L'Europa è stata pensata laica e la sua Costituzione lo riflette
scrupolosamente. E' un dato che non si contrappone all'evidenza storica di
un'Europa che ha «radici cristiane». Ma le radici cristiane sono storicamente
diventate ragioni secolarizzate; sono maturate a istituzioni laiche che oggi
esigono la loro piena autonomia e sovranità. A torto quindi le decisioni dei
governi europei in tema di bioetica o famiglia, ad esempio, che sono difformi da
quelle indicate dalla Chiesa - in particolare il riconoscimento delle unioni
omosessuali - sono accusate di spalancare abissi di immoralità pubblica in
contrasto con presunte sane dottrine naturali di antica tradizione.

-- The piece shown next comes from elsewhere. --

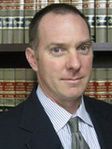 Douglas W. Black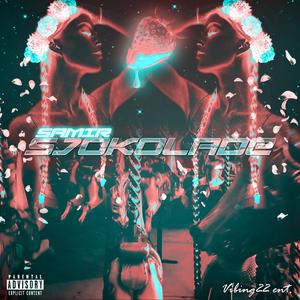 Sjokolade (Kjærlighet Karusell)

L'identità europea è plurima, composita, complessa. I suoi cittadini,maturi,
hanno stili morali di vita o ethos diversi; hanno idee differenti di famiglia e
di unioni di tipo familiare, di cui lo Stato democratico deve tenere conto per
dare loro norme di riconoscimento giuridico che non siano lesive di altri
interessi e identità.
Laicità vuol
dire accettare come moralmente e legalmente giustificati atteggiamenti e
comportamenti che appaiono soggettivamente sgradevoli (o impropriamente
etichettati come «innaturali»). Laicità è ammettere una disimmetria tra singole
moralità private ed un'etica pubblica dotata di regole comuni rispettose della
autonomia della sfera privata e morale. Insomma, la democrazia laica
crea lo spazio pubblico entro cui tutti i cittadini, credenti, non credenti e
diversamente credenti confrontano liberamente i loro argomenti, affermano le
loro identità e vivono i loro stili morali di vita. Questi sono
riconosciuti come diritti tramite
procedure consensuali di decisione, senza che prevalgano in modo autoritativo
alcune credenze o alcuni convincimenti su altri. A questo proposito, il
Continente europeo offre un quadro diversificato. E non va sempre citata la
Spagna di Zapatero o l'Olanda multiculturale. Basta guardare alla solida e
tradizionale Germania che sui Pacs o su altre questioni di bioetica ha norme
moderate che tuttavia la Cei considererebbe moralmente catastrofiche se adottate
in Italia.
I cittadini italiani hanno bisogno forse di un protettorato morale speciale? Da noi impropriamente si presume l'esistenza di una «maggioranza morale», interpretata dalla Chiesa, che si sente autorizzata a imporre - naturalmente per il bene pubblico - i suoi criteri di giudizio su minoranze diversamente orientate. La situazione si complica per il fatto che, nonostante tra i credenti ci siano significative differenze, a livello pubblico contano soltanto le posizioni ufficiali della Chiesa, per non dire della Conferenza episcopale italiana e le sue agenzie giornalistiche. Per i cattolici italiani extra ecclesiam nulla vox. Anche quando gli uomini di Chiesa si attribuiscono competenze speciali sulla «natura umana», «la famiglia» (o «l'amore forte o debole») che non ha alcun motivo d'essere.
Sono
problemi spinosi che richiederanno prima o poi una risposta. Ma questa sembra
essere l'ultima delle preoccupazioni del governo Prodi, tutto preso (come dargli
torto?) dall'urgenza delle questioni economiche e sociali. Ma c'è il forte
sospetto che Romano Prodi abbia intenzionalmente rimosso la problematica della
laicità dal suo programma. Se esplodesse, infatti, il suo governo non
reggerebbe. E' un punto di estrema debolezza ideale/ideologica della coalizione
di centro-sinistra che tutti fanno finta di non vedere. Ma non è con la
strategia dello struzzo che si affronta uno dei problemi più delicati del nostro
tempo.
Torniamo, per concludere, all'Europa. Non è lontano il giorno in cui
l'Unione si aprirà - in una logica di cittadinanza universale - a nazioni e
culture che non hanno radici cristiane, che non hanno alle spalle l'esperienza
illuministica e liberale. Come nel caso dell'entrata della Turchia nell'Unione
Europea. E' un atto di coraggio che giustamente invita alla prudenza e alla
riflessione, prima di prendere la decisione definitiva. Ma in linea di principio
questa è la strada maestra da percorrere.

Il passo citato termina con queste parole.